Prosecutors, like all lawyers, are bound by certain professional rules. Further, as government actors charged with “seeking justice,” in some ways, prosecutors are held to an even higher standard. If a prosecutor purposefully or even unintentionally violates the rules, it can call a conviction into question. Most often, these claims are raised through a petition for writ of habeas corpus. At the Los Angeles criminal appeals law firm of Power Trial Lawyers, Attorney Matthew Barhoma and his team of lawyers aggressively fight to reverse convictions and sentencings that were the product of prosecutorial misconduct.What Are a Prosecutor’s Duties?

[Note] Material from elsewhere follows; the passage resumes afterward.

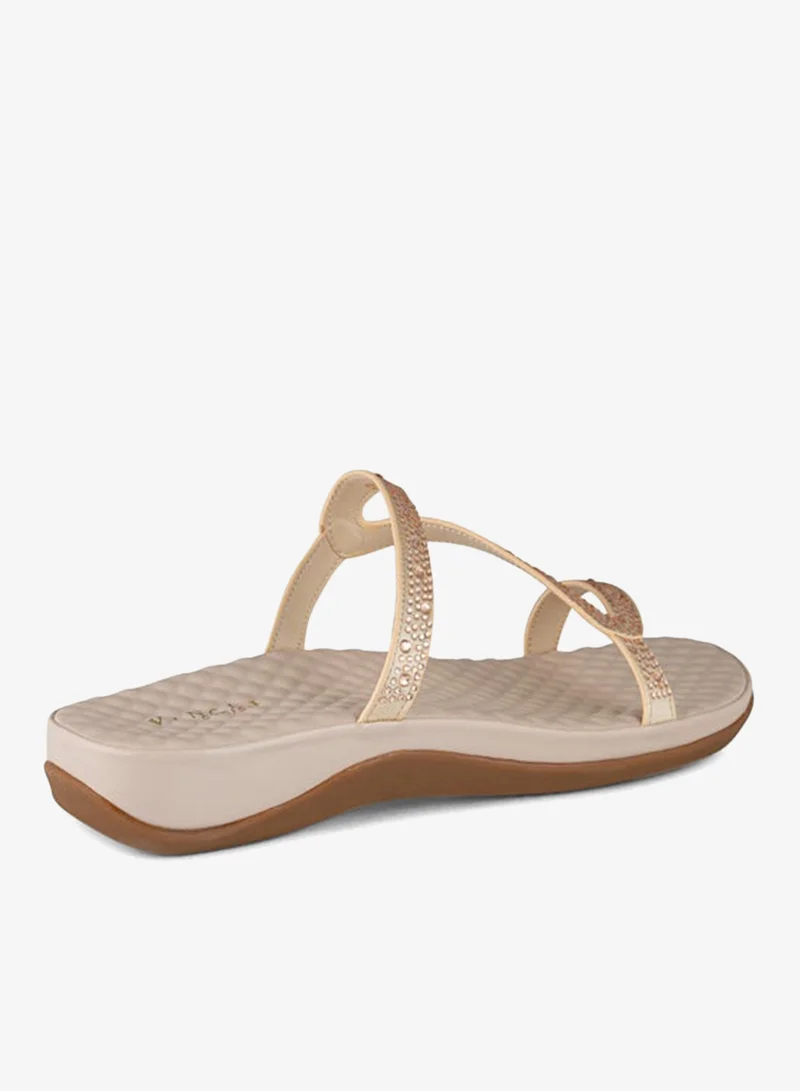 Vincci Beige Women Multi Strap Flat Sandals for Women | Best Price UAE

A prosecutor is an attorney who works for the state and is responsible for investigating, preparing and litigating a case against a defendant suspected of violating the law. The prosecutor's “client” is all of society—including the victim, the defendant, and future defendants. Thus, the prosecutor’s role is unique, to say the least.

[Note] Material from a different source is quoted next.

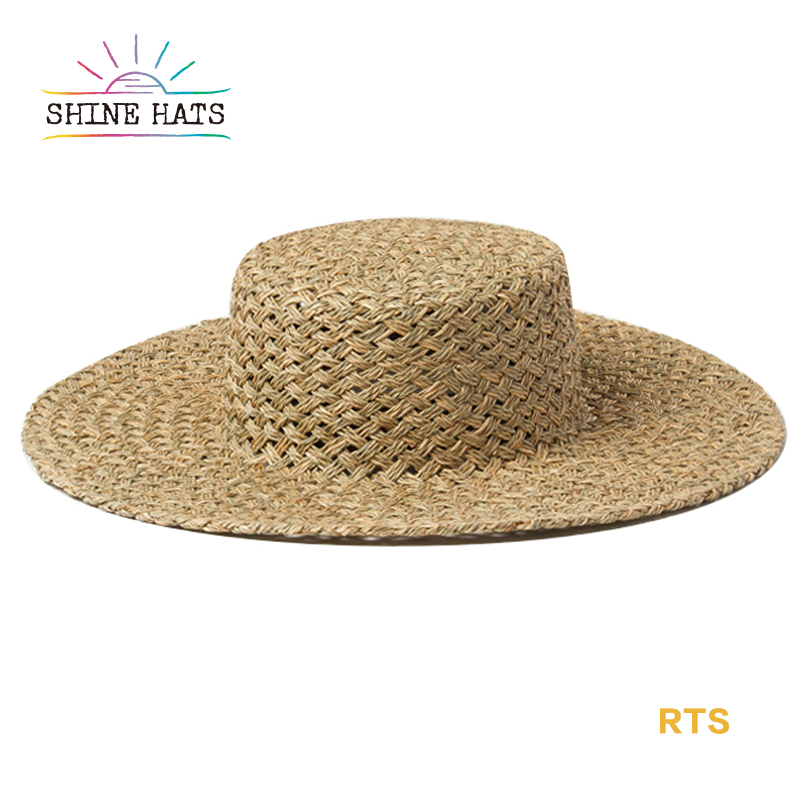 SaltyGrass Flat Top Hollow 10cm Brim 57cm Head Straw Hat Sun Custom Hat Lady Womens Femme Chapeau Women Beach Straw Hats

Simply put, a prosecutor’s role is to seek justice. In many cases, this means aggressively pursuing a conviction, using all the available evidence. However, in certain situations, a prosecutor’s duties require they do something other than seeking a conviction at all costs.
For example, the California Rules of Professional Conduct provide specific rules for prosecutors. Under these rules, a prosecutor shall:
- Not prosecute a case the prosecutor knows is unsupported by probable cause;
- Ensure that the accused is advised of their rights, including the right to counsel;
- Disclose all evidence that is favorable to the defense in a timely fashion; and
- Seek to remedy a conviction for which the prosecutor knows a defendant did not commit.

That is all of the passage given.